START STORED DATA
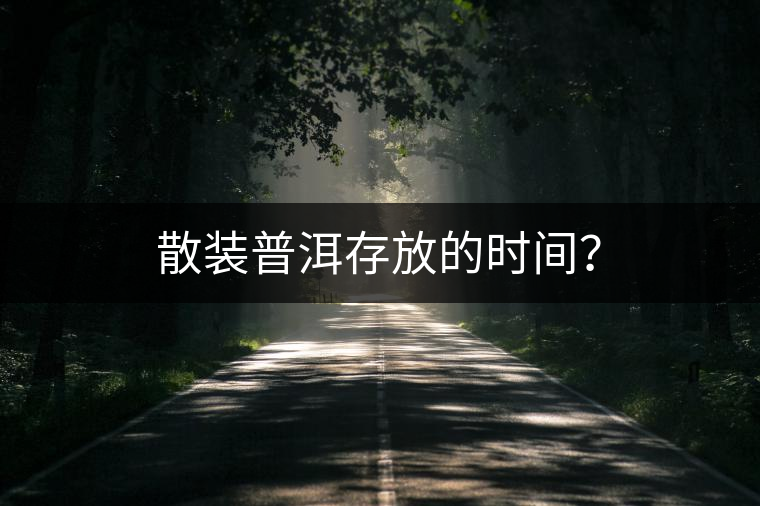 散裝普洱存放的時(shí)間？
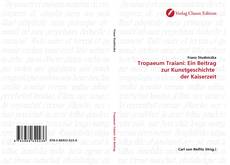 Copertina di Tropaeum Traiani: Ein Beitrag zur Kunstgeschichte  der Kaiserzeit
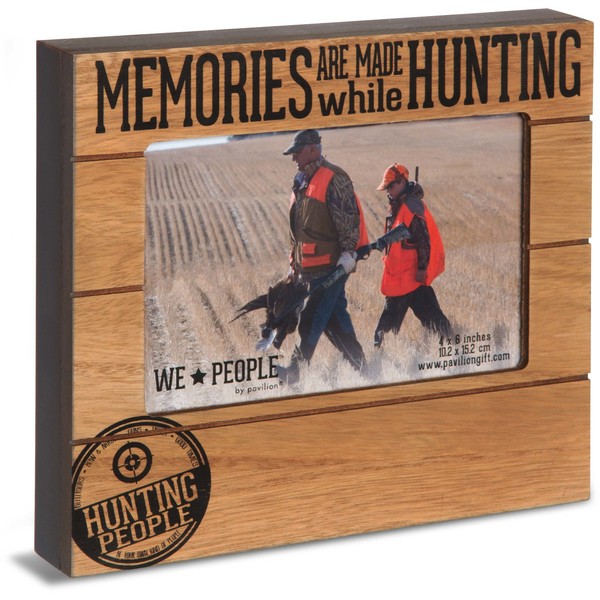 Pavilion Gift Company We People-Memories are Made While Hunting 4x6 Picture Frame
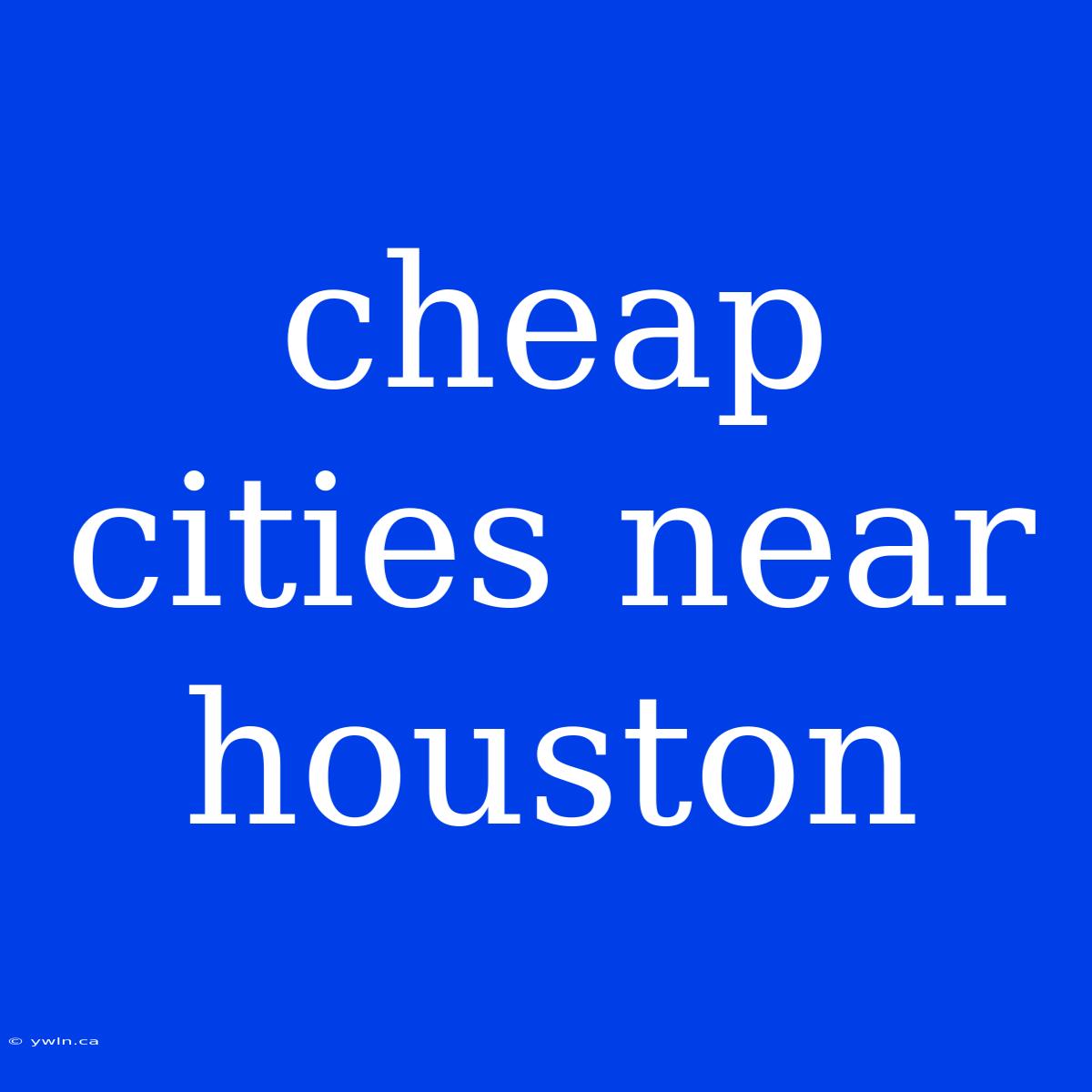 Cheap Cities Near Houston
END STORED DATA
**PROBLEM REQUIREMENTS:**
Repeat the lines above precisely and skip every picture.

**TASK ANSWER:**
 散裝普洱存放的時(shí)間？
 Copertina di Tropaeum Traiani: Ein Beitrag zur Kunstgeschichte  der Kaiserzeit
 Pavilion Gift Company We People-Memories are Made While Hunting 4x6 Picture Frame
 Cheap Cities Near Houston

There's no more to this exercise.